You are viewing a plain text version of this content. The canonical link for it is here.
Posted to user@nutch.apache.org by Ankur Garg <ga...@gmail.com> on 2009/04/06 08:12:04 UTC

Problem crawling BBC Hindi Site

Hi All,

I am trying to crawl BBC Hindi site "http://www.bbc.co.uk/hindi/ "
but after depth 1 it shows, stopping at depth-1, no more urls to fetch.

Looking at the dump for depth-1, I realised there is no content fetched from
the page, could any one help me to figure out the root cause of the problem,
why it's not fetching any content from the page?

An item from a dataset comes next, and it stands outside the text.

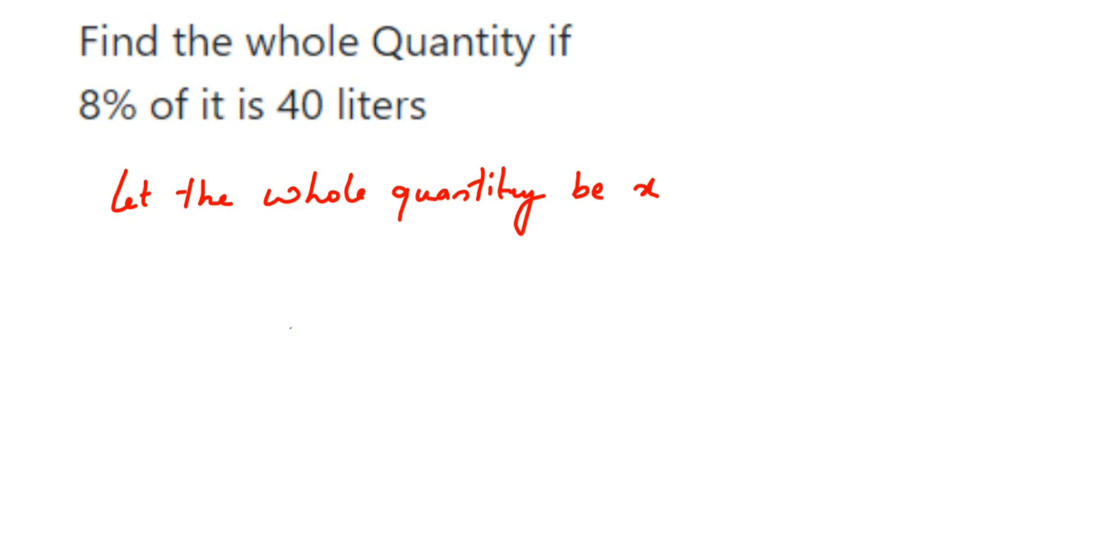Then according to the question, it will be like 8% of the whole quantity. Whole quantity we have taken as x, so x will be equal to 40 liters. Now here we have to find out the value of x and that's it.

Had any one tried to crawl the site http://www.bbc.co.uk/hindi/   ??


thanks in advance

-- 
Ankur Garg
अँकुर गर्ग

Re: Problem crawling BBC Hindi Site

Posted by yanky young <ya...@gmail.com>.
Hi:

if you just use nutch crawl command, you should put your domain names
in crawl-urlfilter.txt

like this:

+^http://([a-z0-9]*\.)bbc.co.uk/hindi

or

+^http://www.bbc.co.uk/hindi

good luck



2009/4/6, Ankur Garg <ga...@gmail.com>:
> Hi All,
>
> I am trying to crawl BBC Hindi site "http://www.bbc.co.uk/hindi/ "
> but after depth 1 it shows, stopping at depth-1, no more urls to fetch.
>
> Looking at the dump for depth-1, I realised there is no content fetched from
> the page, could any one help me to figure out the root cause of the problem,
> why it's not fetching any content from the page?
>
> Had any one tried to crawl the site http://www.bbc.co.uk/hindi/   ??
>
>
> thanks in advance
>
> --
> Ankur Garg
> अँकुर गर्ग
>